The pair continued on. Leaving the town, the terrain became more flat and was surrounded by grasslands. Farmers’ fields reclaimed by nature were filled with small saplings and overgrown with weeds. Near the end of the day, Brad spotted a deer but let it go, not wanting to risk a gunshot so close to dark. They walked past a farm. The house’s windows and doors were broken, the barn reduced to ashes. Decomposed bodies hung from a tall oak tree in the front yard. They moved quickly past it, not speaking, but holding their rifles close.
A wooden billboard at the intersection of a country road advertised fresh produce. They took the turn, following the sign and staying north. At the top of a hill, they rested and surveyed the small town ahead. Like the one before, this place was mostly burned. Wind blew in Brad’s face and drops of icy snow pelted against his cheeks, reminding him to find shelter. He used his binoculars to search the small town. Cold and gray, there were no signs of life; no movement, no flickering lights, no smoke from a welcoming fire. The closest building was a small, white house set just off the road. Behind it was a steel, pole barn and a fenced-in yard filled with rusted tractors.
It was never safe to approach unknown terrain from the high ground and crossing in the open, so they went to the back of the hill and moved into the tall fields. The going was slower, but it allowed them to circumvent the hill and approach the pole barn unseen. The building was unlocked, a rusty hasp pulled back with a crow bar that still lay on the ground. The door was s
hut and Brad slid it open just enough so they could pass though.
The inside was dark and cold, the floor filled to shoulder height with tractor and automotive parts. Brad held a flashlight and inspected the space, ready to turn away and check the house when Chelsea pushed him inside and closed the door behind them. “No, this is good; nobody will come here,” she whispered.

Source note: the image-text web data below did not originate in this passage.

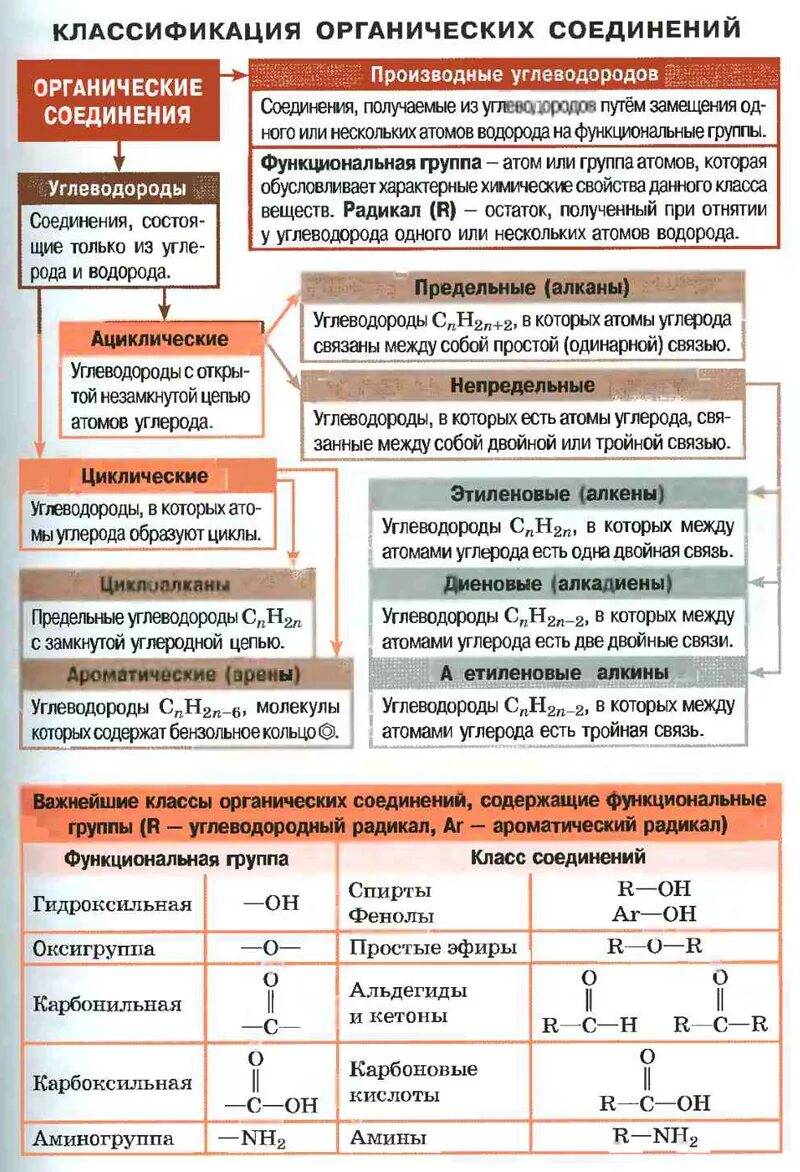 Классы соединений в химии 10 класс. Классификация органических соединений химия таблица. Классы органических веществ и их свойства. Общая характеристика органических веществ таблица. Важнейшие классы органических соединений таблица.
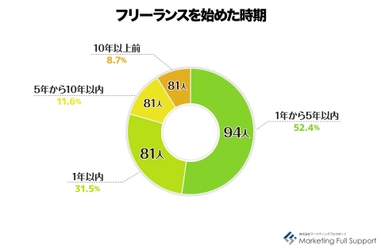 ＜12/16はフリーランスの日＞　 フリーランスに関する調査結果【第2弾】発表　 ～2割強が取引先とのトラブルを経験　主なトラブルは報酬関係～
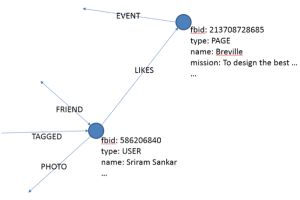 Facebook geeft details vrij over Graph Search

Brad wended around the piles of scrap, finding a section of bare floor in the back corner near a drill press and workbench constructed of old lumber. They dropped their gear just as the wind outside picked up and sleet began to pelt the steel building. It was very cold, and the wind crept in through every crevice of the pole barn. He found an old paint can and used his tomahawk to break down the wooden bench. Using the scraps, he built a hot fire from the dry bits of wood. Sitting together, wrapped in a wool blanket, Brad drifted off to sleep watching a can of soup boil on the fire.
When he woke, the fire was out. His face was cold, but she was wrapped around him, and under the wool blankets he was warm. The wind rattled the steel sides of the building and he could hear their moans. The Primals were awake and on the hunt. Moving in from the surrounding forest and grasslands, they would search for food. He lay awake until dawn, listening to her breathe, flinching at the howl of every Primal, and trying to estimate their distance and numbers in his head. Silently, he was coordinating a plan if they managed to get inside.
When the first rays of morning shone through holes in the building, he carefully crawled from the blankets. Stirring the coals and adding more fuel, he lit another fire, making a light meal of boiled oats for their breakfast. Chelsea woke and sat up, watching him with the blankets still draped over her shoulders. He stirred the contents and handed her a half share in a plastic bowl.
Taking a bite with a brown plastic spoon, she looked up at him. “Why did you leave the camp?”